_WHAT THE TASK REQUIRES:_ Retype, word for word, every line of the records below starting at the one that contains "Lattenrost Ergo K" and ending at the one that contains "ZonLi profil montrant"; include both of those lines and nothing more.

START RECORDS FOR THE EXERCISE

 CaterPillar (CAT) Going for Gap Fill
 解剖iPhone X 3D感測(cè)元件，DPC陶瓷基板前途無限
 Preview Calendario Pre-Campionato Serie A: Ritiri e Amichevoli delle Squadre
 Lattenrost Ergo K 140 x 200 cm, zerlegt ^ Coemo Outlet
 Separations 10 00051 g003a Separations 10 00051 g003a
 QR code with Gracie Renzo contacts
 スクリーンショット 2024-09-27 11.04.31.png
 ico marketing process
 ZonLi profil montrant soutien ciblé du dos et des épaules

END RECORDS FOR THE EXERCISE
START RECORDS FOR THE EXERCISE

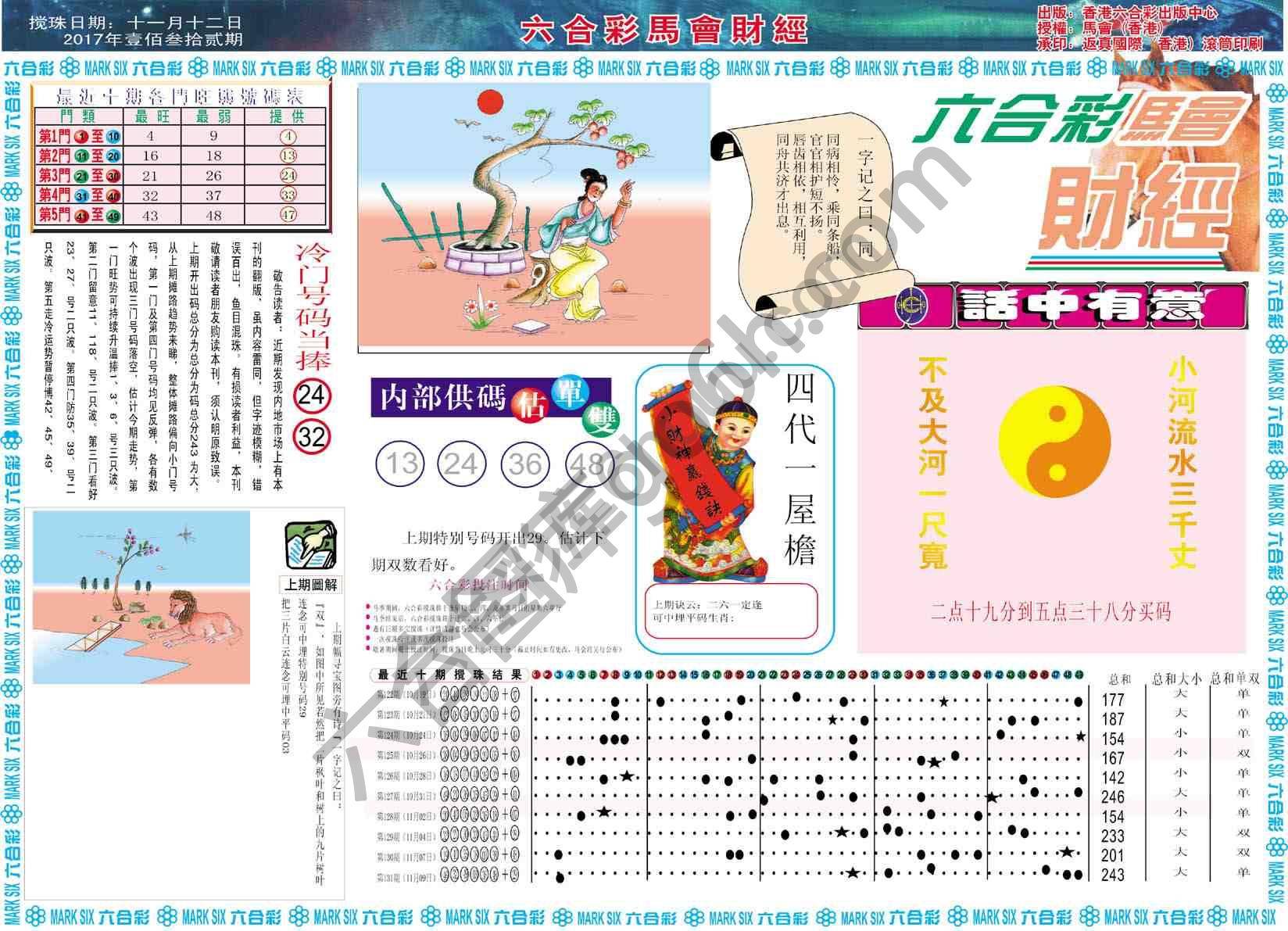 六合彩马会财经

END RECORDS FOR THE EXERCISE

_TASK OUTPUT:_
 Lattenrost Ergo K 140 x 200 cm, zerlegt ^ Coemo Outlet
 Separations 10 00051 g003a Separations 10 00051 g003a
 QR code with Gracie Renzo contacts
 スクリーンショット 2024-09-27 11.04.31.png
 ico marketing process
 ZonLi profil montrant soutien ciblé du dos et des épaules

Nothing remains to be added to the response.